If your father wants to help you buy it by being on the loan, then you are correct he'd have to get something called "foreign national financing" and the down payment requirements are about what you plan on putting down (40% down is typical) - however the interest rates are *not* 10-12%, they also aren't 4%, they are more in the 5-7% range. Your father may want to start out looking in his own country for banks who will lend on U.S. real estate, particularly banks that also have U.S. branches, but there are also several banks here in SoCal who will lend to foreign nationals as well (true foreign nationals, without Visa's, etc.).

For ease of qualifying, it'd probably go in order of:

1. You graduating & using your new employment and it's income to qualify
2. Your cousin co-signing with you on the mortgage
3. Your father qualifying for the mortgage

If you'd like help with any of them I'd be happy to.
0 votes Thank Flag Link Wed Sep 14, 2011
Thaoh,

There are other ways to buy a condo in this market without getting a formal loan from a third party like a bank. I can explain creative ways for you to buy a condo on your own without your family's help if you would give me a call. I'm both an Orange County real estate broker and a California lawyer so I can make sure you are fully protected and get the right advice. My number is 949.878.8557.

Thank you,

Scott Hayward
0 votes Thank Flag Link Wed Sep 14, 2011
Hi thaoh

I have a lender that can help first time buyers. Also has some grant monies to help with down payments. Paid back or not paid back. Call him
Mr Babak. 949-378-0829.
Ask him about I'd you need a cosigner or not. Please call me or email me once you have talke with him
Mr Babak has many types of loans and would need to get all the information from you on how to help you and which of the options you want to do.
I don't get back to this trulia thread
Thank you and talk to you soon
Ingrid Ski Realtor
949-874-0432
IngridSki2@yahoo.com
0 votes Thank Flag Link Wed Sep 14, 2011
I suggest not having your cousin co-sign. This may cause conflicts later. If he does, he should do this with both eyes wide open. The mortgage payment will count against his DTI. If you don't meet your obligation he will be responsible for the loan.
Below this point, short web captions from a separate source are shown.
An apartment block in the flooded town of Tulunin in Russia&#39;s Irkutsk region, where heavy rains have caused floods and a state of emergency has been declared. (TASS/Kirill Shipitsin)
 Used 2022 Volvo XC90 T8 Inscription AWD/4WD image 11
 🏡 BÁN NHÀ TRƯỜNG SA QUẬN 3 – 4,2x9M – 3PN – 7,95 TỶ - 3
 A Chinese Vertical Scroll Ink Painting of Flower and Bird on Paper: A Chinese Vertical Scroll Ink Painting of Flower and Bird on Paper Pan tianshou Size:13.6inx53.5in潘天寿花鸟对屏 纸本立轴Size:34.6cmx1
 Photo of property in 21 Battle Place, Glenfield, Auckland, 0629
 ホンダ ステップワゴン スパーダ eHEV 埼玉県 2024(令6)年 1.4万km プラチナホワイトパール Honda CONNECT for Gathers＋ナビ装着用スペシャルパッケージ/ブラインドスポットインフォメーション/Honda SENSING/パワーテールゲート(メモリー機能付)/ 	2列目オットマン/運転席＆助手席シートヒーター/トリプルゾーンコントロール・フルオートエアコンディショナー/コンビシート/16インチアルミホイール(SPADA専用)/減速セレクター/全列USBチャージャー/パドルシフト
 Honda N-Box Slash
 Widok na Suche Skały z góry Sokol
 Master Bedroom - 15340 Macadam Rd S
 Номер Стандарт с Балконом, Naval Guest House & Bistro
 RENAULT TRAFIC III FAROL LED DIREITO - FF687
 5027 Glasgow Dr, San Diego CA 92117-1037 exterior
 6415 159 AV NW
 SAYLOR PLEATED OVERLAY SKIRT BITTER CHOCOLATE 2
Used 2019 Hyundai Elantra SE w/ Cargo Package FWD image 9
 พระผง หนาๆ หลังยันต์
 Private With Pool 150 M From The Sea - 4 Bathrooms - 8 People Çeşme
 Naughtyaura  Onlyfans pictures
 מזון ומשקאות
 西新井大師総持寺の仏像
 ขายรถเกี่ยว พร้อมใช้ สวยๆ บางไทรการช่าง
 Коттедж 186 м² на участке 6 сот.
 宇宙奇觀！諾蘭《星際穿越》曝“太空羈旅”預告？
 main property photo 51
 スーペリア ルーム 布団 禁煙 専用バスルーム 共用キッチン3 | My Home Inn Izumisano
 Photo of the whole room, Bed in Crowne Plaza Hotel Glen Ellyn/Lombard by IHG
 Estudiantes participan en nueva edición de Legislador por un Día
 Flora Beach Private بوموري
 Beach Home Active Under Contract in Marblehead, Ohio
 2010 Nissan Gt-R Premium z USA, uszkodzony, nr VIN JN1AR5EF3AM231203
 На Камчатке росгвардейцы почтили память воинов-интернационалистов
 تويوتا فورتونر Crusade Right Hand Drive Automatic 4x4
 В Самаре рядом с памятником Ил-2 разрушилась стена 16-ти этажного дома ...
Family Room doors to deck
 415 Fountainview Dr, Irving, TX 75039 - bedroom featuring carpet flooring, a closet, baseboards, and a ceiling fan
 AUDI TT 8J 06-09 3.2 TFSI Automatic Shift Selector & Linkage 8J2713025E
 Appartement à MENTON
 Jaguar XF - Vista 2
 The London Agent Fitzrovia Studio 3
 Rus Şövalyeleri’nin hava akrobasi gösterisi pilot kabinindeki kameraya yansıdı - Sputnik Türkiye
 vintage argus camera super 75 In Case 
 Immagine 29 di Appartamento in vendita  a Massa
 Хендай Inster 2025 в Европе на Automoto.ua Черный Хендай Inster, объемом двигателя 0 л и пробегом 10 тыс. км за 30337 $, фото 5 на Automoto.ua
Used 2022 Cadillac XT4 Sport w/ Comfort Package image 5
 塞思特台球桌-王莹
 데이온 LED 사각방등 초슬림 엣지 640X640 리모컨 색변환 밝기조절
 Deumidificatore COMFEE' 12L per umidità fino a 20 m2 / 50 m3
The best way is to wait until you are employed upon graduating and have your parents "Gift" you the 40% that you think you'll need.

Happy funding, Rudi
Web Reference: http://www.umboc.com
0 votes Thank Flag Link Wed Sep 14, 2011
The answer to your first question is yes, your cousin may help you qualify. In addition to good credit, stable income and relationship, other factors come in to play such as if your cousin already has another mortgage, other revolving credit accounts he may have...
Your father may help you and you still may get a good interest rate.
We'll be happy to put in contact with a qualified local loan agent as it is imperative you get fully pre-approved for your loan before you start looking at homes.
Best luck in your home hunting efforts.
0 votes Thank Flag Link Wed Sep 14, 2011
There's a lot of misinformation going around about this. Your father could help you to buy the condo, and could obtain financing provided he qualifies. Your cousin also could cosign for you. You also have other options.

The rate/terms that your father would receive will depend on several factors. He should shop around for the best rate/terms.